## Exercise data
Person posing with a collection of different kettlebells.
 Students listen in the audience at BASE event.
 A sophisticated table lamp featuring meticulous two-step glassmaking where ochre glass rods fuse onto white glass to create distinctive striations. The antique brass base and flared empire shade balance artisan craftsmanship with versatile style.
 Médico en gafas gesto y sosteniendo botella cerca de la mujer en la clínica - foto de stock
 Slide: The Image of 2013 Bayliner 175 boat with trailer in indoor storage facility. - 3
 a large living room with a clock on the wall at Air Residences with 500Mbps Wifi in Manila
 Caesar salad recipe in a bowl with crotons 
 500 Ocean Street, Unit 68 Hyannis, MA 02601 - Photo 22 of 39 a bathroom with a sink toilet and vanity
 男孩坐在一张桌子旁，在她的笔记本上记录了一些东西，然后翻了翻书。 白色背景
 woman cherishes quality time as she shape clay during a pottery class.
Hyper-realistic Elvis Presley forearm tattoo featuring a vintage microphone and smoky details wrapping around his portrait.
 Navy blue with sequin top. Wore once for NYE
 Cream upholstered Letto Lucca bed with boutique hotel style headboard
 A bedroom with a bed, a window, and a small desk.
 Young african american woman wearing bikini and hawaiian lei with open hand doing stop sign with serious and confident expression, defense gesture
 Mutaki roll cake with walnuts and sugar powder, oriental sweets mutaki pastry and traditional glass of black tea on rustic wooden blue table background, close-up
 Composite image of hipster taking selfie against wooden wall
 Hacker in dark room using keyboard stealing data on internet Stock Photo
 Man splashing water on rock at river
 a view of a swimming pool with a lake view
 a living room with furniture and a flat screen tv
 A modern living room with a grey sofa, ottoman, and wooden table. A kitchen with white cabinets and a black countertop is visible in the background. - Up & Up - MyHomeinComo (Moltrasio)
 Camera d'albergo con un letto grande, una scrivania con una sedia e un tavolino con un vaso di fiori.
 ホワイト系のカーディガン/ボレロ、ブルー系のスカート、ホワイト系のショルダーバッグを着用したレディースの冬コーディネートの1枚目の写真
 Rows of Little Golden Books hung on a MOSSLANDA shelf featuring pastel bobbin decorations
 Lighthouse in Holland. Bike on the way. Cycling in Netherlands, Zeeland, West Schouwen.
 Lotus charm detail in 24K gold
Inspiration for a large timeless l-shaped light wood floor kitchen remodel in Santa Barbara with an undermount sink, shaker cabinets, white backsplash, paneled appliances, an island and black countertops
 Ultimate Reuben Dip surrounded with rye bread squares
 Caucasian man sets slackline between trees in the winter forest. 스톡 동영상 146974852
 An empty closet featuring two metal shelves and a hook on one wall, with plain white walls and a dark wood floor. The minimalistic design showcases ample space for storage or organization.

## Aim of the exercise
Each entry is to be retyped precisely as it stands.

## Solution for this problem
Person posing with a collection of different kettlebells.
 Students listen in the audience at BASE event.
 A sophisticated table lamp featuring meticulous two-step glassmaking where ochre glass rods fuse onto white glass to create distinctive striations. The antique brass base and flared empire shade balance artisan craftsmanship with versatile style.
 Médico en gafas gesto y sosteniendo botella cerca de la mujer en la clínica - foto de stock
 Slide: The Image of 2013 Bayliner 175 boat with trailer in indoor storage facility. - 3
 a large living room with a clock on the wall at Air Residences with 500Mbps Wifi in Manila
 Caesar salad recipe in a bowl with crotons 
 500 Ocean Street, Unit 68 Hyannis, MA 02601 - Photo 22 of 39 a bathroom with a sink toilet and vanity
 男孩坐在一张桌子旁，在她的笔记本上记录了一些东西，然后翻了翻书。 白色背景
 woman cherishes quality time as she shape clay during a pottery class.
Hyper-realistic Elvis Presley forearm tattoo featuring a vintage microphone and smoky details wrapping around his portrait.
 Navy blue with sequin top. Wore once for NYE
 Cream upholstered Letto Lucca bed with boutique hotel style headboard
 A bedroom with a bed, a window, and a small desk.
 Young african american woman wearing bikini and hawaiian lei with open hand doing stop sign with serious and confident expression, defense gesture
 Mutaki roll cake with walnuts and sugar powder, oriental sweets mutaki pastry and traditional glass of black tea on rustic wooden blue table background, close-up
 Composite image of hipster taking selfie against wooden wall
 Hacker in dark room using keyboard stealing data on internet Stock Photo
 Man splashing water on rock at river
 a view of a swimming pool with a lake view
 a living room with furniture and a flat screen tv
 A modern living room with a grey sofa, ottoman, and wooden table. A kitchen with white cabinets and a black countertop is visible in the background. - Up & Up - MyHomeinComo (Moltrasio)
 Camera d'albergo con un letto grande, una scrivania con una sedia e un tavolino con un vaso di fiori.
 ホワイト系のカーディガン/ボレロ、ブルー系のスカート、ホワイト系のショルダーバッグを着用したレディースの冬コーディネートの1枚目の写真
 Rows of Little Golden Books hung on a MOSSLANDA shelf featuring pastel bobbin decorations
 Lighthouse in Holland. Bike on the way. Cycling in Netherlands, Zeeland, West Schouwen.
 Lotus charm detail in 24K gold
Inspiration for a large timeless l-shaped light wood floor kitchen remodel in Santa Barbara with an undermount sink, shaker cabinets, white backsplash, paneled appliances, an island and black countertops
 Ultimate Reuben Dip surrounded with rye bread squares
 Caucasian man sets slackline between trees in the winter forest. 스톡 동영상 146974852
 An empty closet featuring two metal shelves and a hook on one wall, with plain white walls and a dark wood floor. The minimalistic design showcases ample space for storage or organization.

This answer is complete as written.